Intro to Baloo

Baloo implements a subset of Pandas maintaining its behavior and API as much as possible. However, the library is now lazily implemented using Weld. All operations are tracked through Weld computation graphs which are optimized upon evaluation. In practice, this means that the evaluate method must be called whenever a result is required. The core data structure at the surface level (API) is still the Numpy ndarray, despite it being converted to other structures internally by Weld. For efficiency reasons, only arrays of 1 dimension are expected (please check baloo/weld/convertors/numpy.cpp for malloc reasons why).

Usability

Pandas is an immense library with a lot of implemented functionality. Baloo cannot replace it but only speed up common operations through Weld. To facilitate the interaction between the libraries, the pandas API has been mimicked as much as possible. Thus, it might be possible to simply replace the import statements from pandas to baloo. However, there are also from_pandas and to_pandas methods available to freely move from one to the other. Nevertheless, for baloo to be useful, most operations should go through it.

Functionality Overview

Baloo contains documentation and examples for all the supported operations. However, as a first look into Baloo, here is some of the implemented functionality:

  • Numerical operations, such as + or *.
  • Unary operations, such as sqrt or log.
  • Filters, bool operations, and sub-setting, including head and tail.
  • Aggregations, such as max, mean, or std.
  • DataFrame joins, including all of inner, left, right, outer.
  • GroupBy and aggregations.
  • Multiple kinds of UDFs.
  • To/from Pandas conversion.
  • Missing values support, such as dropna and fillna.
  • iloc.
  • String manipulation through .str for methods, such as split or contains.

… and more.

Data Types

Baloo currently accepts the following NumPy dtypes:

  • int16, int32, int64
  • float32, float64
  • bool/bool_ *
  • S/bytes_

Note that strings require their byte versions, therefore unicode is not currently supported (at the Weld level(?)). * Bool is internally converted to np.bool_ s.t. its module points to NumPy and not builtins.

Missing Data

Unlike Pandas, there are currently no special NaN/NA/NaT values for missing data.

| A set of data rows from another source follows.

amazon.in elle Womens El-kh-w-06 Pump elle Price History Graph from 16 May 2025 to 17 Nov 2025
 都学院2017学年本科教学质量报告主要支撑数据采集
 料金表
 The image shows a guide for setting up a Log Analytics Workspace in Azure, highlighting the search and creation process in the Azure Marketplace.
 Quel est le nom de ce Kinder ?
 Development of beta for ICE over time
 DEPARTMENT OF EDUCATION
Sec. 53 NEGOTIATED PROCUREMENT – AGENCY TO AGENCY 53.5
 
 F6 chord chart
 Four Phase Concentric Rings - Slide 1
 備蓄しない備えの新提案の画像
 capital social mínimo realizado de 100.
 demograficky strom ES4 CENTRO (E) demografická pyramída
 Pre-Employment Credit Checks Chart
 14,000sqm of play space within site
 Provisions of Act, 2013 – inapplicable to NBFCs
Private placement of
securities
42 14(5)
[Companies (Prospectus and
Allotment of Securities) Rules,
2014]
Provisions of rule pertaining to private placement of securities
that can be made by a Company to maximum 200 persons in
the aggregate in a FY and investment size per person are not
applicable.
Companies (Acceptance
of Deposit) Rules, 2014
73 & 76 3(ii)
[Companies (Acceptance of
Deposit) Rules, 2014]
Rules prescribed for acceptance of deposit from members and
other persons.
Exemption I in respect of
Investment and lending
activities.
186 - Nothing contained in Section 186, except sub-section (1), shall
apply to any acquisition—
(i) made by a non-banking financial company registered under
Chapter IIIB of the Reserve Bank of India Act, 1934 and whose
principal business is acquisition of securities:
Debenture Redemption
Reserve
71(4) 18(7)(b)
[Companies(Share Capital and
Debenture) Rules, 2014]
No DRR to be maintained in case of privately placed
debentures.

If NumPy accepts it, then it’s valid. For Baloo, the following were chosen as defaults:

  • floats : -999.
  • integers : -999
  • S/bytes_ : b’None’
  • bool : false

Lazy Evaluation

All Baloo objects follow the following contract:

  • Calling repr() will return a lazy-friendly shortened description of the object. For example, calling it on a Series would return Series(name=<name>, dtype=<dtype>) with no mention of the actual data inside. This is because the data can be either raw data (which gets printed nicely) or a string Weld computation graph (which, well, does not).
  • Calling str() will pretty print the object. Note that for DataFrame, it cannot be called unless all the data is evaluated.
  • .values property returns the internal data, be it raw or lazy.
  • evaluate() returns a copy of the object with raw evaluated data inside.

Type Casting

Unlike Pandas, there are currently no automatic type casts for array types, e.g. Series([1, 2]) + Series([2.35, 3.54]) is likely to fail. Casting is lazily available through the astype operator. Note that on Series creation, data can be automatically casted to given dtype only if the data is raw. If lazy, encode it through astype.

Note that literal/scalar values are an exception and do get casted to the dtype of the array, e.g. Series([1, 2]) < 2.0 is interpreted as Series([1, 2]) < 2. Lastly, aggregation results get converted to float64 however currently post-aggregation, not before, e.g. Series([1, 2]).sum() first computes the integer sum then casts the result to float.